Liputan6.com, Jakarta - Kepala Pelaksana Badan Penanggulangan Bencana Daerah (BPBD) DKI Jakarta Isnawa Adji pada Rabu (28/1) memperingatkan warga yang bermukim di kawasan pesisir Pantai Utara Jakarta untuk waspada terhadap potensi banjir pesisir atau rob hingga 3 Februari 2026. Peringatan tersebut dikeluarkan menyusul fenomena pasang maksimum air laut.
"Warga yang bermukim di kawasan pesisir pantai utara Jakarta diimbau meningkatkan kewaspadaan terhadap potensi banjir pesisir atau rob yang diperkirakan terjadi pada 27 Januari hingga 3 Februari 2026," kata Isnawa, melansir Antara, Rabu (28/01/2026).
Advertisement
Menurut laporan Badan Meteorologi, Klimatologi dan Geofisika (BMKG) Stasiun Meteorologi Kelas I Maritim Tanjung Priok, fenomena itu dipicu oleh adanya fase bulan purnama yang bertepatan dengan kondisi perigee, yakni saat posisi bulan berada pada jarak terdekat dengan bumi.

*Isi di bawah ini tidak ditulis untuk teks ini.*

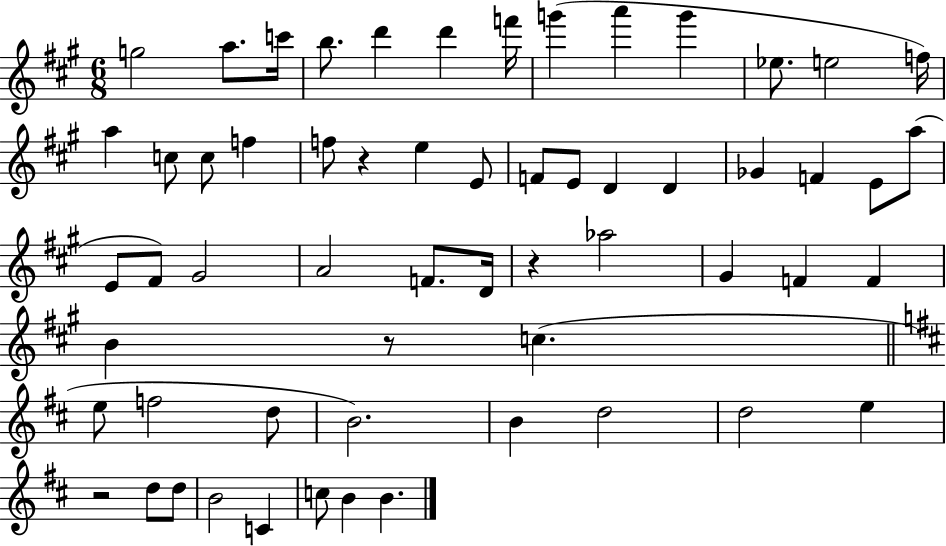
{
  \clef treble
  \numericTimeSignature
  \time 6/8
  \key a \major
  g''2 a''8. c'''16 | b''8. d'''4 d'''4 f'''16 | g'''4( a'''4 g'''4 | ees''8. e''2 f''16) | \break a''4 c''8 c''8 f''4 | f''8 r4 e''4 e'8 | f'8 e'8 d'4 d'4 | ges'4 f'4 e'8 a''8( | \break e'8 fis'8) gis'2 | a'2 f'8. d'16 | r4 aes''2 | gis'4 f'4 f'4 | \break b'4 r8 c''4.( | \bar "||" \break \key d \major e''8 f''2 d''8 | b'2.) | b'4 d''2 | d''2 e''4 | \break r2 d''8 d''8 | b'2 c'4 | c''8 b'4 b'4. | \bar "|."
}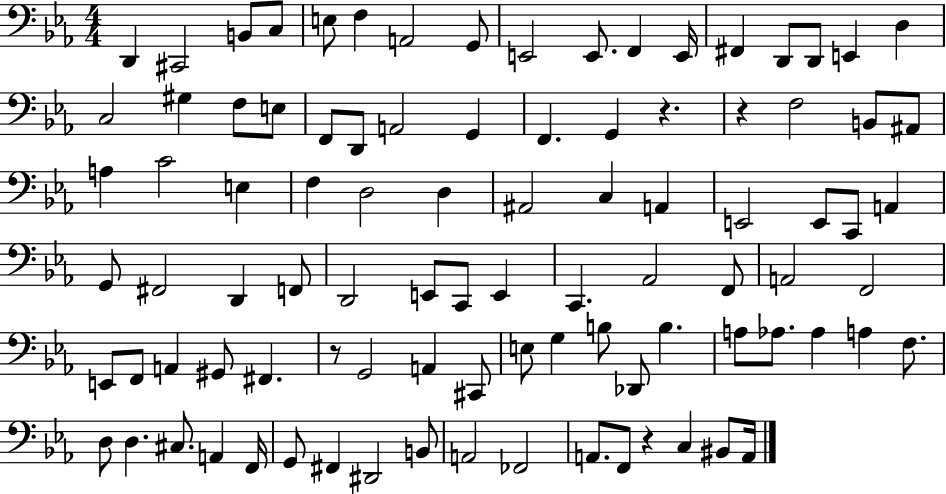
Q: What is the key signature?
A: EES major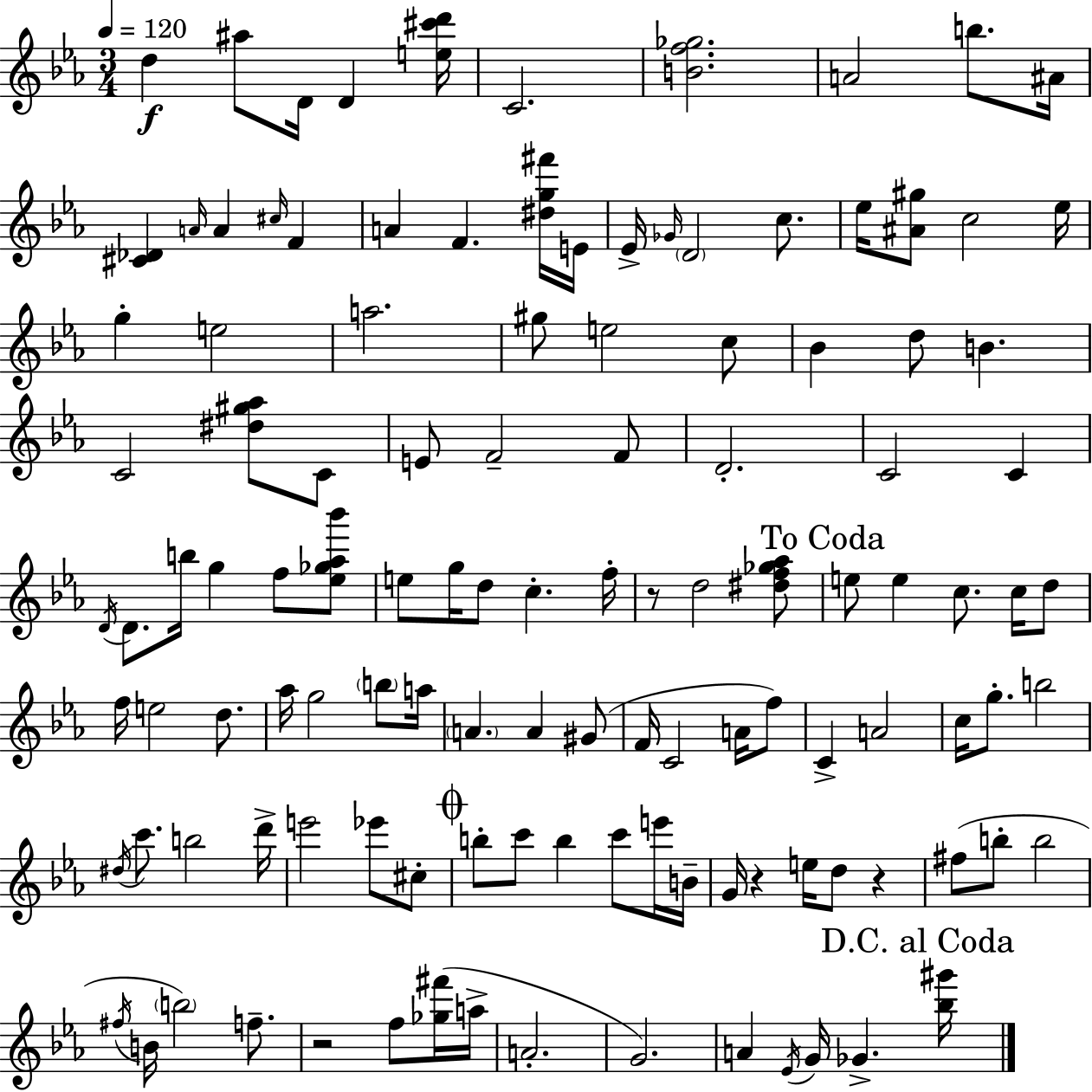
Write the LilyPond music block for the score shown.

{
  \clef treble
  \numericTimeSignature
  \time 3/4
  \key c \minor
  \tempo 4 = 120
  d''4\f ais''8 d'16 d'4 <e'' cis''' d'''>16 | c'2. | <b' f'' ges''>2. | a'2 b''8. ais'16 | \break <cis' des'>4 \grace { a'16 } a'4 \grace { cis''16 } f'4 | a'4 f'4. | <dis'' g'' fis'''>16 e'16 ees'16-> \grace { ges'16 } \parenthesize d'2 | c''8. ees''16 <ais' gis''>8 c''2 | \break ees''16 g''4-. e''2 | a''2. | gis''8 e''2 | c''8 bes'4 d''8 b'4. | \break c'2 <dis'' gis'' aes''>8 | c'8 e'8 f'2-- | f'8 d'2.-. | c'2 c'4 | \break \acciaccatura { d'16 } d'8. b''16 g''4 | f''8 <ees'' ges'' aes'' bes'''>8 e''8 g''16 d''8 c''4.-. | f''16-. r8 d''2 | <dis'' f'' ges'' aes''>8 \mark "To Coda" e''8 e''4 c''8. | \break c''16 d''8 f''16 e''2 | d''8. aes''16 g''2 | \parenthesize b''8 a''16 \parenthesize a'4. a'4 | gis'8( f'16 c'2 | \break a'16 f''8) c'4-> a'2 | c''16 g''8.-. b''2 | \acciaccatura { dis''16 } c'''8. b''2 | d'''16-> e'''2 | \break ees'''8 cis''8-. \mark \markup { \musicglyph "scripts.coda" } b''8-. c'''8 b''4 | c'''8 e'''16 b'16-- g'16 r4 e''16 d''8 | r4 fis''8( b''8-. b''2 | \acciaccatura { fis''16 } b'16 \parenthesize b''2) | \break f''8.-- r2 | f''8 <ges'' fis'''>16( a''16-> a'2.-. | g'2.) | a'4 \acciaccatura { ees'16 } g'16 | \break ges'4.-> \mark "D.C. al Coda" <bes'' gis'''>16 \bar "|."
}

Kondisi tersebut dapat menyebabkan peningkatan tinggi muka air laut di wilayah pesisir dan menyebabkan banjir rob di sejumlah wilayah pesisir utara Jakarta.
Isnawa menjelaskan, puncak pasang maksimum air laut diperkirakan terjadi pada pagi hari, sekitar pukul 05.00 hingga 11.00 WIB.
"Fenomena pasang maksimum ini berpotensi memicu peningkatan tinggi muka air laut, sehingga masyarakat pesisir perlu meningkatkan kesiapsiagaan," ujarnya.
Sejumlah wilayah yang berpotensi terdampak banjir rob, antara lain meliputi Kamal Muara, Kapuk Muara, Penjaringan, Pluit, Ancol, Kamal, Marunda, Cilincing, Kalibaru, Muara Angke, Tanjung Priok, hingga kawasan Kepulauan Seribu.
BPBD menjelaskan durasi pasang air laut diperkirakan akan berlangsung selama beberapa hari berturut-turut dan ia mengimbau masyarakat untuk mewaspadai perubahan kondisi cuaca serta dinamika air laut yang dapat berubah dengan cepat.